Furthermore, whales in captivity are captured young. Wild orcas stay with their mother until their mother dies. Both Blackfish and Live Science report that orca pods are matrilineal. Both male and female calves stay with their mothers for life. While some orcas stay in one area, others are transient and will travel long distances in smaller groups. Live Science cites conservation organization Wild Whales as saying that even transient males stay with their mothers. If a male orca is swimming alone, it usually means his mother has died. Tilikum had only two years with his mother. 

Live Science also compares the diets of captive vs. wild orcas. In captivity, Tilikum was fed from 125 to 438 lbs (57 to 199 kg) per day (1 to 3.5 percent of his body weight) of smelt, herring, and squid. However, in the wild, an orca’s diet varies according to where they live. Their diet is more diverse including seabirds to seals and fish and other whales. The difference in diet could explain the difference in size and lifespan in captive vs. wild orcas.

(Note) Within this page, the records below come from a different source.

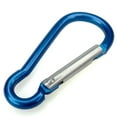 thumbnail image 3 of Paracord Planet Spring Opening Carabiners – Aluminum EDC Accessory Clips – 6 Vibrant Colors – Blue, 25 Pack, 3 of 4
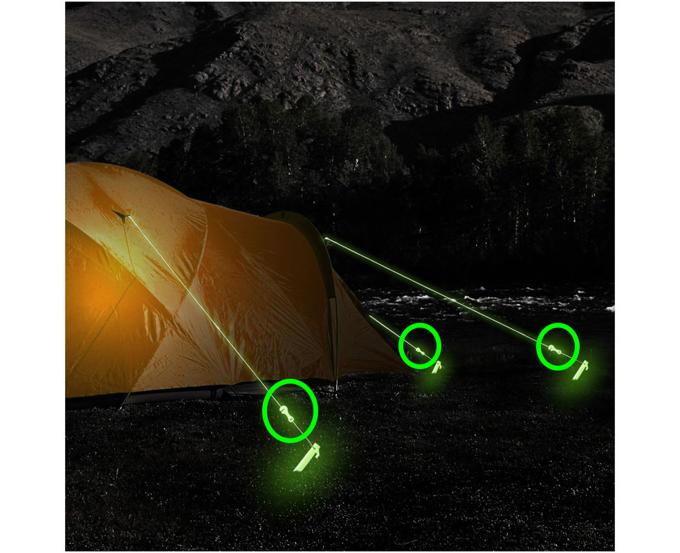 Acecamp 10pcs 9106 Tent-Accessories Acecamp Glow in the Dark Guy Line Adjuster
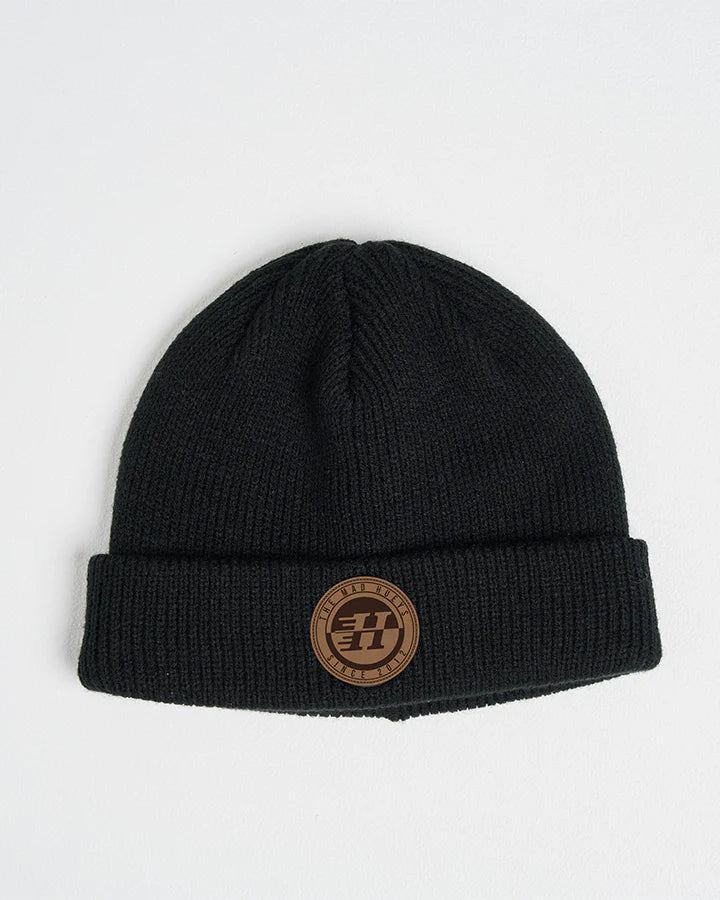 SUEDE HUEYS | WHARFIE BEANIE - The Mad HueysH226M06020-BLACK-OSFM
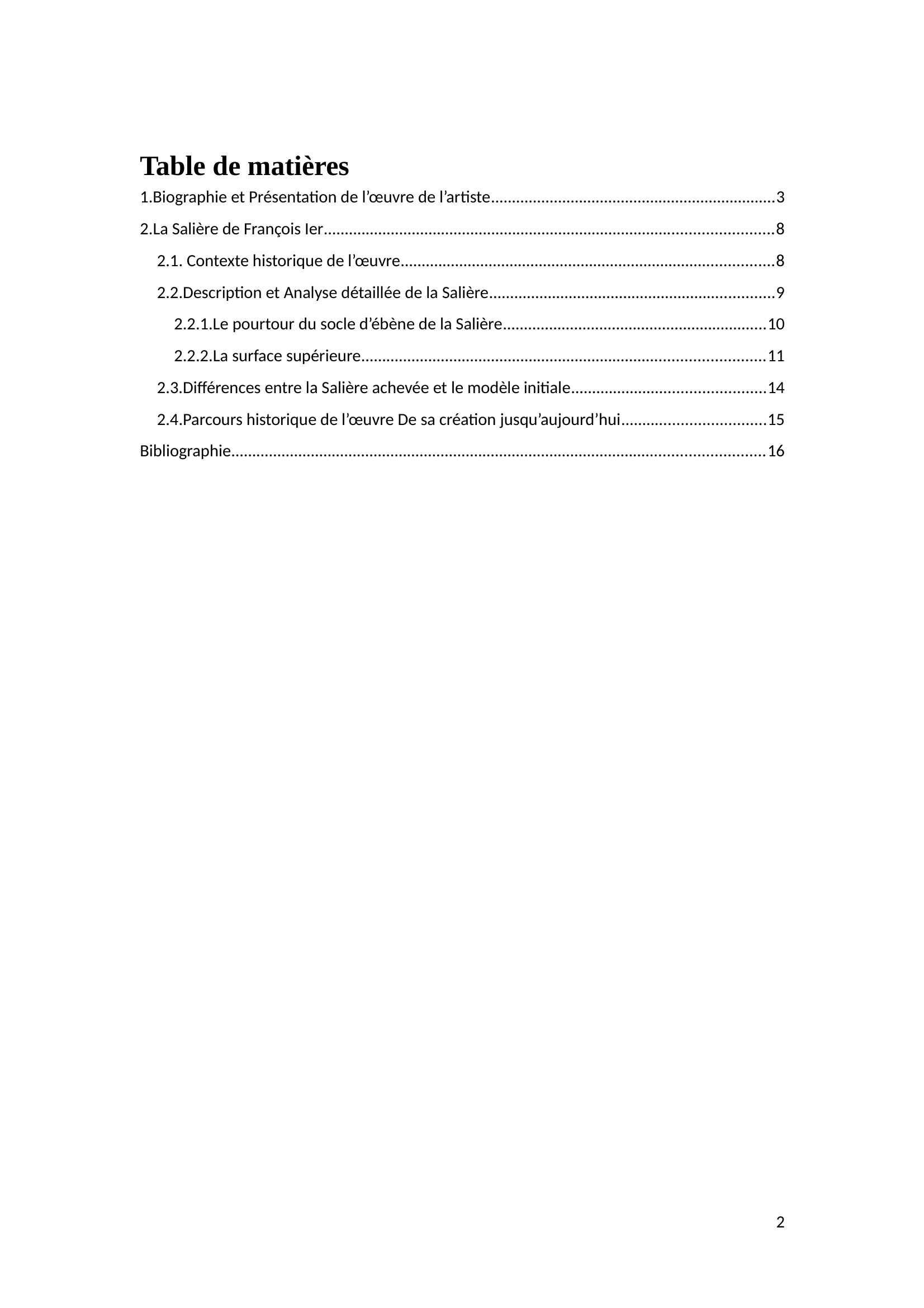 Prévisualisation du document UNIVERSITe RENNES 2 

 
Cellini : La Salière de François I.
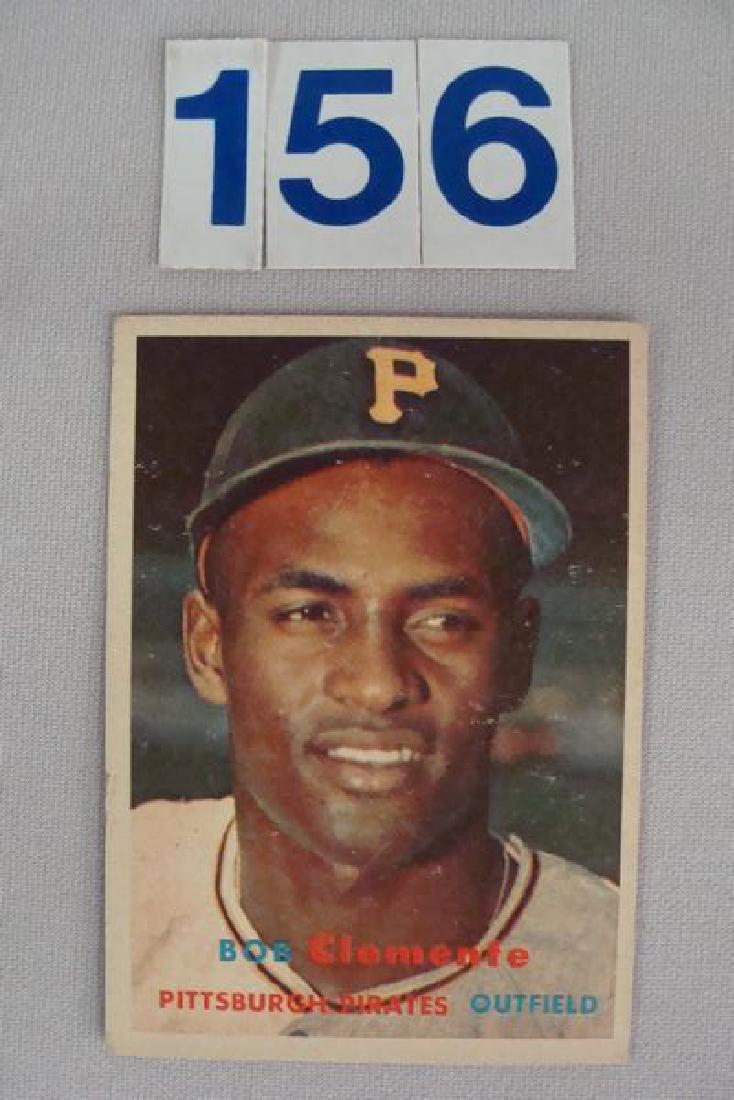 1957 TOPPS #76 BOB CLEMENTE- EX (1 of 2)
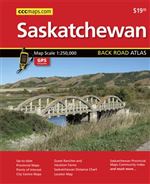 Saskatchewan Back Road Travel Atlas. This very detailed set of maps includes all of the grid roads, or township and range roads in Saskatchewan It has many features including event listings, is GPS compatible, is up to date, has a provincial map, Points o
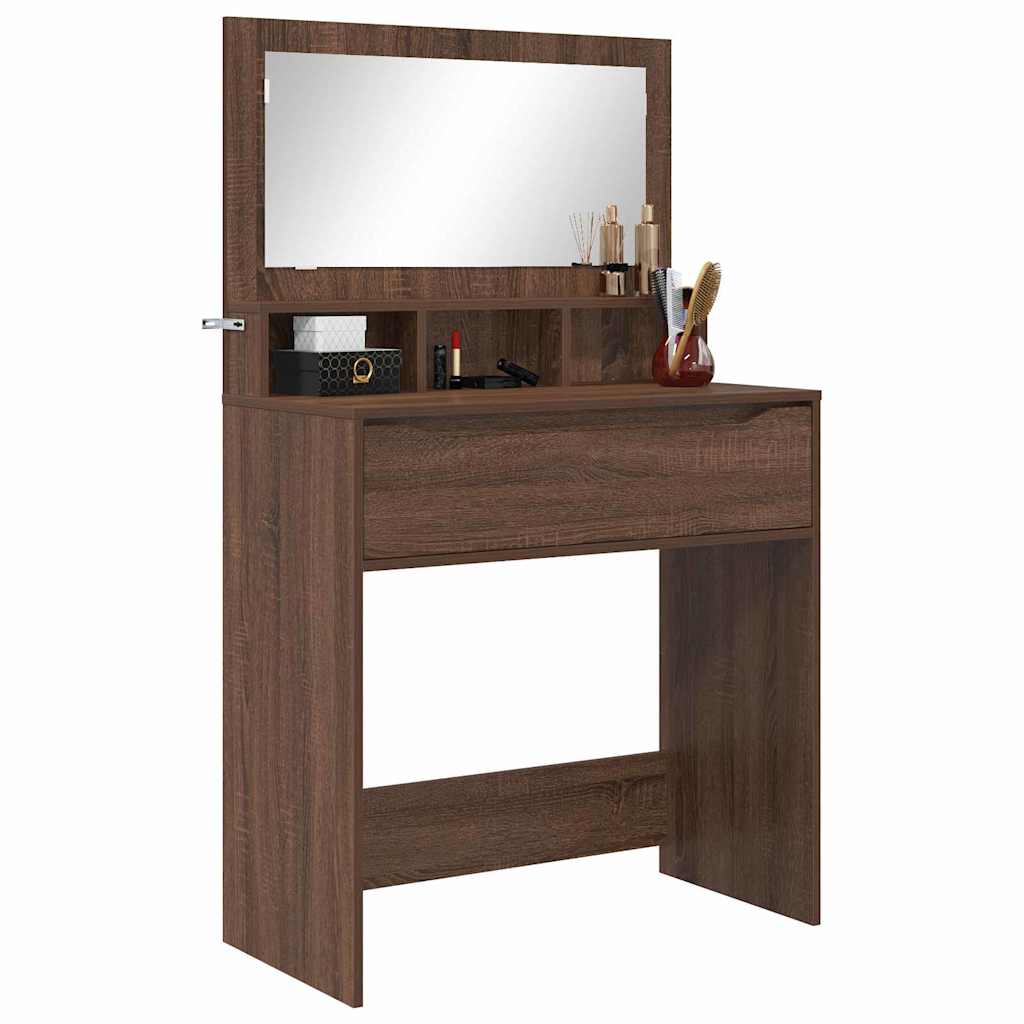 Tavoli da Trucco per Camera da Letto Rovere Marrone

The final statistic both Blackfish and Live Science provide is the number of human deaths attributed to captive versus wild orcas. Tilikum was blamed for three deaths. Wild orcas? None.

An orca pokes their head up from the water.
“Lolita Orca” by HockeyholicAZ is licensed under CC BY 2.0.

The Mind of An Orca

By far the most interesting piece of scientific evidence in the case against keeping whales in captivity is provided by neuroscientist Lori Marino in Blackfish.

Marino performed an MRI scan on the brain of an orca. She found that orcas have a part of the brain that humans don’t that extends out from their limbic system, which processes emotions.  Marino said that the “safest inference is that these animals have highly elaborated emotional lives.” She adds, “It’s becoming clear that dolphins and whales have a sense of self, a sense of social bonding, that they take it to another level much stronger, much more complex than in other mammals, including humans.”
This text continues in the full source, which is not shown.